Start of Data shown

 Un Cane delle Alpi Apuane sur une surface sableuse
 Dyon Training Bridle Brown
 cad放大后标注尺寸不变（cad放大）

End of Data shown

Exercise instructions:
The data must be given again in full, exactly as written.

Result for this exercise:
 Un Cane delle Alpi Apuane sur une surface sableuse
 Dyon Training Bridle Brown
 cad放大后标注尺寸不变（cad放大）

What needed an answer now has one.